**Problem to solve:**
Using the data beneath this instruction, retype only the lines from the one that contains "Neon-lit street in" down to the one that contains "Four women and", both included, exactly as they appear.

Short web captions
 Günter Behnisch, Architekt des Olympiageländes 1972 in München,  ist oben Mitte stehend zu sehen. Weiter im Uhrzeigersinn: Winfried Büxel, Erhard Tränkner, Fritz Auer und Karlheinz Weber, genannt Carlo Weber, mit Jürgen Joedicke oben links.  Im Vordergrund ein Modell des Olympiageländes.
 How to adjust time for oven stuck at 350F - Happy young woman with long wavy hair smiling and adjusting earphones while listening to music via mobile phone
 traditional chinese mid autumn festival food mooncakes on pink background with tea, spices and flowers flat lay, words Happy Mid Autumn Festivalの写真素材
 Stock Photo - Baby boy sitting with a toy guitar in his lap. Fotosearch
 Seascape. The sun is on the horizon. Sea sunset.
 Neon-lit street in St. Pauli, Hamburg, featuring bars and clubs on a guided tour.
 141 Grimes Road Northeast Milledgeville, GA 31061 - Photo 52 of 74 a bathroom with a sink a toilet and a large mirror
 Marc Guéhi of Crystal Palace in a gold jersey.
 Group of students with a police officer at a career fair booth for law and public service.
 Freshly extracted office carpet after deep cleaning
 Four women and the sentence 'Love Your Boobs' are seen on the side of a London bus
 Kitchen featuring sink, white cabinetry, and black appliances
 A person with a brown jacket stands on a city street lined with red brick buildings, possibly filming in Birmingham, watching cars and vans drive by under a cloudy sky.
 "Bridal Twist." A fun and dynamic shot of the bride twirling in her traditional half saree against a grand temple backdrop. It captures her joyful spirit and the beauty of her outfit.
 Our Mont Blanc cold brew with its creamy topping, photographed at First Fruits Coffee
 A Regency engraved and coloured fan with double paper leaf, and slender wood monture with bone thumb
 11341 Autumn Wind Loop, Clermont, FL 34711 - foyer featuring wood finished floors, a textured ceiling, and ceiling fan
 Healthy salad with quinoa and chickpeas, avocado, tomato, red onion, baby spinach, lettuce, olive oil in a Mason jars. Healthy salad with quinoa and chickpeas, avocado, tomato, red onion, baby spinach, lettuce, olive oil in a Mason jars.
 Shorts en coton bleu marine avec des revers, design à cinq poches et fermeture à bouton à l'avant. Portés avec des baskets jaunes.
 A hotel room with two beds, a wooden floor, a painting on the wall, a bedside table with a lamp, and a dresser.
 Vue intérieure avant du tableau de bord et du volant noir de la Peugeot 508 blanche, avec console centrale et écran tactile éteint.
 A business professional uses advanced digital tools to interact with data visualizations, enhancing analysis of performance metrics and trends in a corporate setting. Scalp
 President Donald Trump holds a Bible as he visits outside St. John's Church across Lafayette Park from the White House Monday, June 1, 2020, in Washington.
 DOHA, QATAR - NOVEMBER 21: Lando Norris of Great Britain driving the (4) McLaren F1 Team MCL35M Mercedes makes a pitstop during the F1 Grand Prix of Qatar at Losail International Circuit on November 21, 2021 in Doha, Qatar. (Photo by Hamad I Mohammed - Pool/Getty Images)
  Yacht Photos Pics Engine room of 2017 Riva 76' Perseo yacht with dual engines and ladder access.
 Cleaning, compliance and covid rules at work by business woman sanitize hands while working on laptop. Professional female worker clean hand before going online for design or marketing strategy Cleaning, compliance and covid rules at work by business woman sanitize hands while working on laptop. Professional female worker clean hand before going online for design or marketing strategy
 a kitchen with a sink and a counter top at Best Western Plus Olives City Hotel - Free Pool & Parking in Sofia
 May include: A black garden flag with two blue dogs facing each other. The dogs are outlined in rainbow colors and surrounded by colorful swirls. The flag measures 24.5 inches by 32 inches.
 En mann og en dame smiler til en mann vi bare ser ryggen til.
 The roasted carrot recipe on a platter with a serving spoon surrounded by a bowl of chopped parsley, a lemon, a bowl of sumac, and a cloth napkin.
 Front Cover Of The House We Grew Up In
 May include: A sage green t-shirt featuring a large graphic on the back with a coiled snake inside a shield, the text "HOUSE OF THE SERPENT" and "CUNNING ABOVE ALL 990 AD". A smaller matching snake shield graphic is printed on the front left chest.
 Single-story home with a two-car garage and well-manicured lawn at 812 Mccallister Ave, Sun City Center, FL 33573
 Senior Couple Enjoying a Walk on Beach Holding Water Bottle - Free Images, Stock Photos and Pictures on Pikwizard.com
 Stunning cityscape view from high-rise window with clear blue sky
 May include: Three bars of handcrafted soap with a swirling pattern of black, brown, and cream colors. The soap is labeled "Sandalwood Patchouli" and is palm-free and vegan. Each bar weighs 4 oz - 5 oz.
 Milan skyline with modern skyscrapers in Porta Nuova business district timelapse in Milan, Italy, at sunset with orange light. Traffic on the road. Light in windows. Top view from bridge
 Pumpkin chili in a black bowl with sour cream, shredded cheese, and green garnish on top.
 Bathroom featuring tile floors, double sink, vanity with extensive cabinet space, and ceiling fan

**Response to the exercise:**
 Neon-lit street in St. Pauli, Hamburg, featuring bars and clubs on a guided tour.
 141 Grimes Road Northeast Milledgeville, GA 31061 - Photo 52 of 74 a bathroom with a sink a toilet and a large mirror
 Marc Guéhi of Crystal Palace in a gold jersey.
 Group of students with a police officer at a career fair booth for law and public service.
 Freshly extracted office carpet after deep cleaning
 Four women and the sentence 'Love Your Boobs' are seen on the side of a London bus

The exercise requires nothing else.